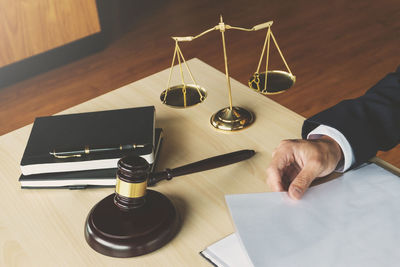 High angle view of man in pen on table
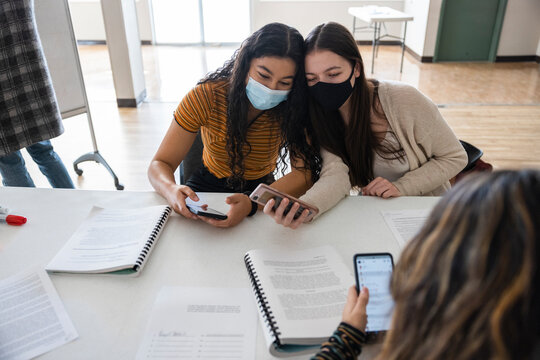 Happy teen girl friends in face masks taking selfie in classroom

--

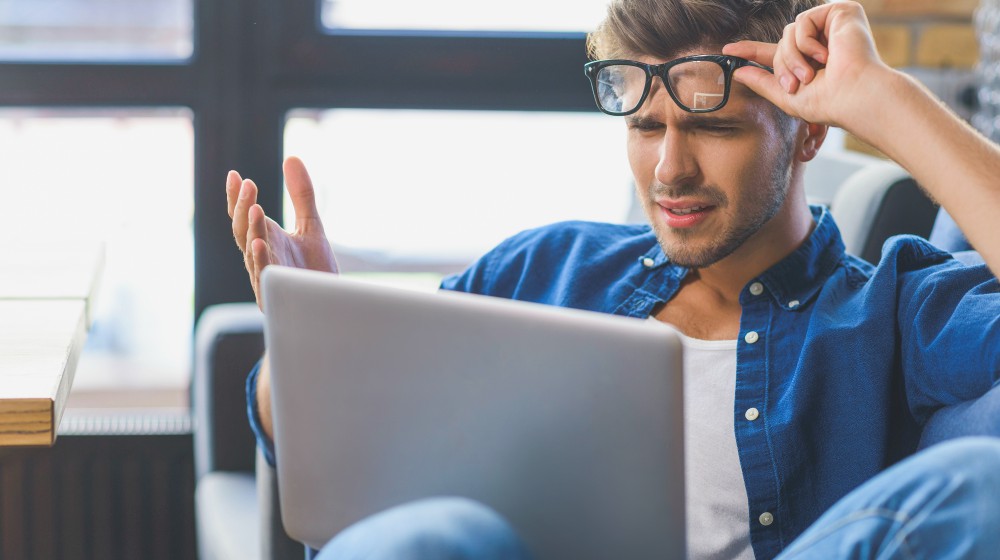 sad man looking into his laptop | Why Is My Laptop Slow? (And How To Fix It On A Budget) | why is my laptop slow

==

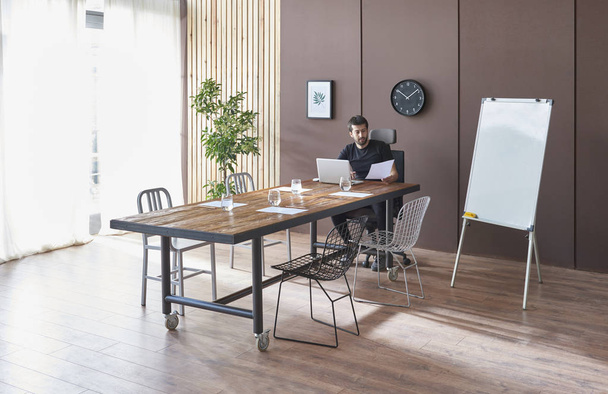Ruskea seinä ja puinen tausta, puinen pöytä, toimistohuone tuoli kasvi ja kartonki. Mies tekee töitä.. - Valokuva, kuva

About this task: Look above for the line containing "High angle view of man in pen on table" and the line containing "Happy teen girl", then reproduce both and everything between them exactly, pictures omitted.

Solved problem:
 High angle view of man in pen on table
 Happy teen girl friends in face masks taking selfie in classroom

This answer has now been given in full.